In art and self-expression, my primary motivation is to inspire wonder. There’s of course also the deep psychological aspect of art, where half-conscious material from the mind can be sublimated into something… sublime… however when it comes to my motivation, the reason I want to explore, to learn and to get better at art, it always comes back to wonder. So taking a closer look at wonder might be a good idea.

There are multiple definitions of wonder from various scholars of art, but it might be easier to define it for ourselves by finding instances when we experienced it, rather than by finding a general description. I know that my personal understanding of wonder has to do with a sense of momentary incredulity. A sense of “does this really exist, or am I dreaming?” Of suddenly finding myself in a storybook.

I vividly remember a profound moment of wonder that was connected to a rather mundane experience. As a teenager I was at a music festival, and I went exploring in the park areas of the festival grounds. It was a dark forested area with trails lit by colorful paper lanterns. The colors of a light painting installation were cast in broken shards across the foliage, and a taste of incense and chill music was on the air. Along with the unique people around me, at that moment I felt like I was in a magical maze in a storybook, where adventure and beauty lives all around me.

If I break it down, the festival was a rather mainstream, commercial event; the park was unkempt and average; the lights were pretty simple, just a ready-bought festive lantern chain from a Chinese store; the light painting was aimed somewhere else; ultimately, there was no artistic genius or true natural magnificence behind my sense of wonder, and yet it was real and complete.

Thinking back at an exhibition by contemporary painter Attila Szűcs, I can recall a very similar sensation. His art is visually realistic, often based on photographs, but with a dream-like quality added to them. There’s a level of mystery to his work, a sense of not being quite sure what one is truly looking at. A middle-aged man in shirt and tie, standing knee-deep in water in a nothingness of whites and greys. A teenage boy in amidst lantern-lit trees, himself decorated with lanterns like a human Christmas tree. A fighter airplane, or the ghost of one, resting erotically on a freshly made bed.

According to an interview, he often paints in a meditative state, and at least for me, it seems his work invites the viewer to experience a mirror to that state, to mentally step into the frame, and get lost in this strangely detached dreamworld, foreboding and beautiful. And somehow it feels like that this component of mystery, or openness, really contributes to true wonder. The sense of there being “more than you can encompass with your senses”. The sense of being invited to imagine an entire universe through a single, surreal glimpse.

So one wonders (sry for the pun) what exactly links the sensation of getting lost at a music festival, and seeing surreal and magical paintings. I might be jumping the gun here, but there is a sense of reality opening up, a sense of discovery, of new horizons. And that’s where I think true wonder and simple amazement diverge.
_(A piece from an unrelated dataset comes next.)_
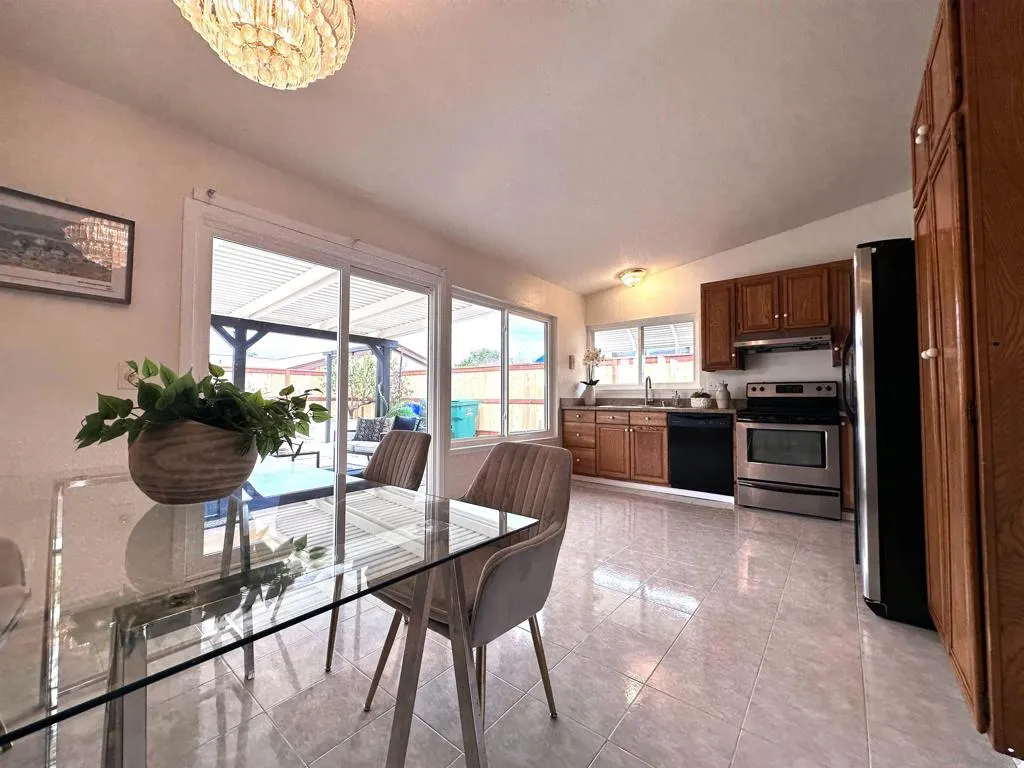 11278 Calle Jalapa, San Diego, California 92126 home-pic-12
Consider for a moment magic tricks; if they are executed properly, they are obviously amazing. Where did the coin go? Where did it come from? Wow! Amazing! However, it takes a master performer to make them wondrous. To hold your attention. It’s sad, but most of circus can get somewhat boring, even though it’s a group of arts all about amazement. Reading this book on clowning (Clowns by Ezra Lebank & David Bridel), it was interesting to read that many of the greatest masters in the art of clowning today say that they weren’t really into circus as kids. Thinking about it, it’s no big surprise, as a kid I was also often bored at circus.
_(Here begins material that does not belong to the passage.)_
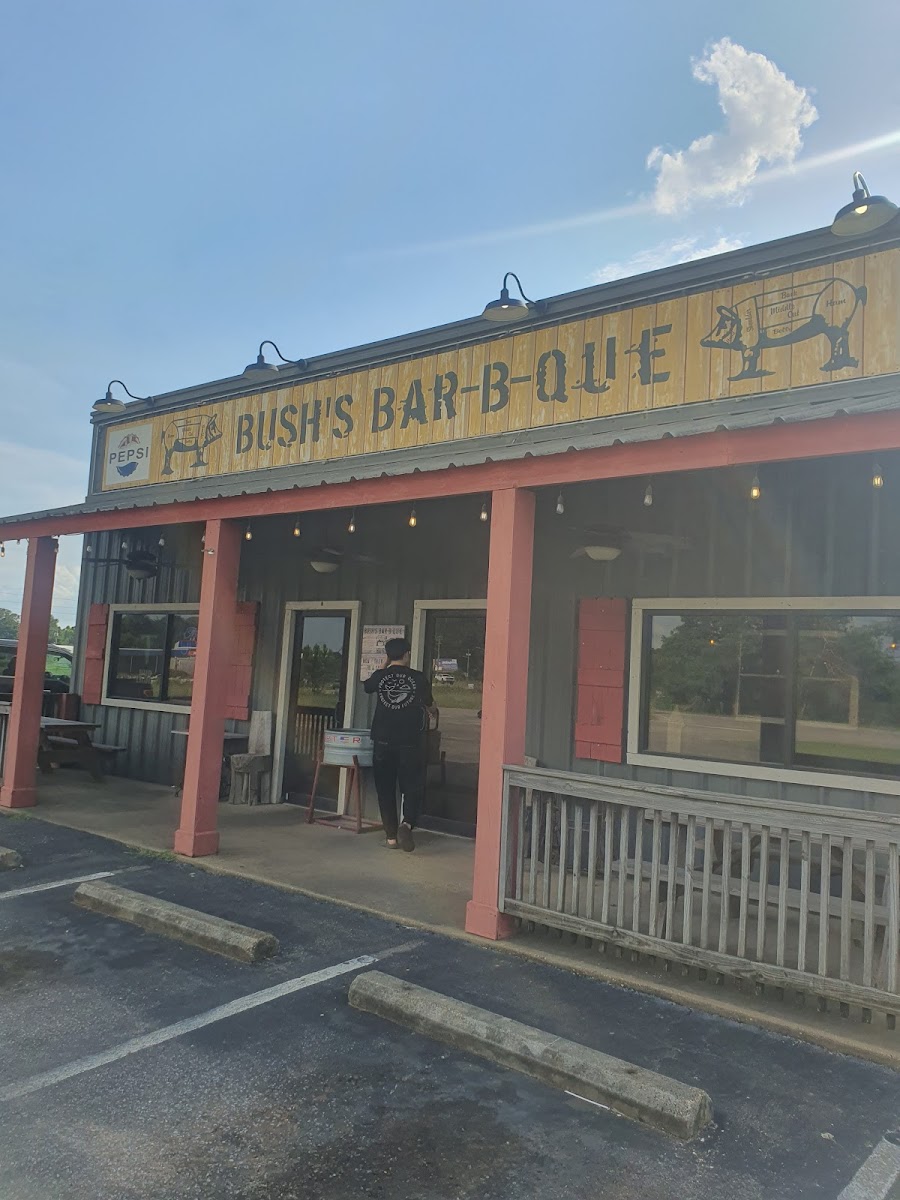 Bush's Bar-B-Que-4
Amazement can be overloaded. Also, in and of itself it’s not all that interesting. Watching the olympics is only interesting at length if one is invested in national pride connected to it, or as a fellow athlete, can truly relate to the level of refinement exhibited at world class level. Otherwise, it’s just hairless monkeys running in circles. You can see that on the playground. Sure, the don’t run as fast, but who cares, at least the kids are being cute while doing it.
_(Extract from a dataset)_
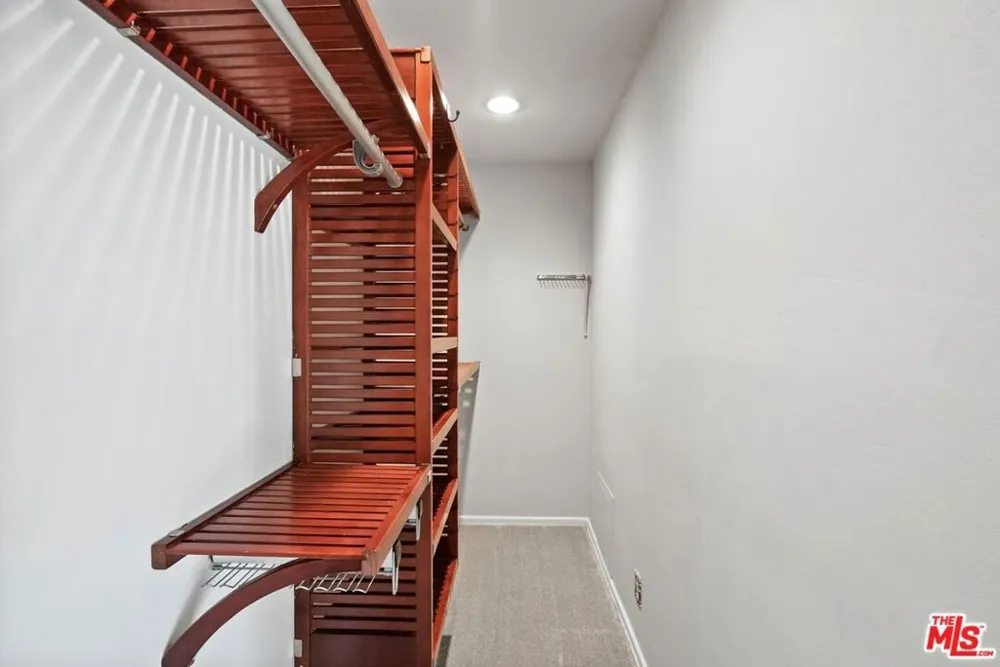 5812 S Garth Avenue Los Angeles, CA 90056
I see the success of Cirque du Soleil in no other thing than the fact that they put wonder back in circus. It’s no longer just amazing feats of skill following each other, it’s a story, a whole world told through the language of amazing feats of skill. I think there really may be something to my idea of “opening up reality”.

I started writing this post mainly as a way to rehash my opinions to myself as well as my readers, and I do think I may have grasped something that I was only vaguely feeling before. And there’s some really good news in here for everyone who’s a burner. It’s a lot easier to create wonder at a burn than it is in a circus. The burn is open. It’s participatory. It’s an experiment in how to create, in how to be artists and humans. It carries its own level of wonder, that we can piggyback on.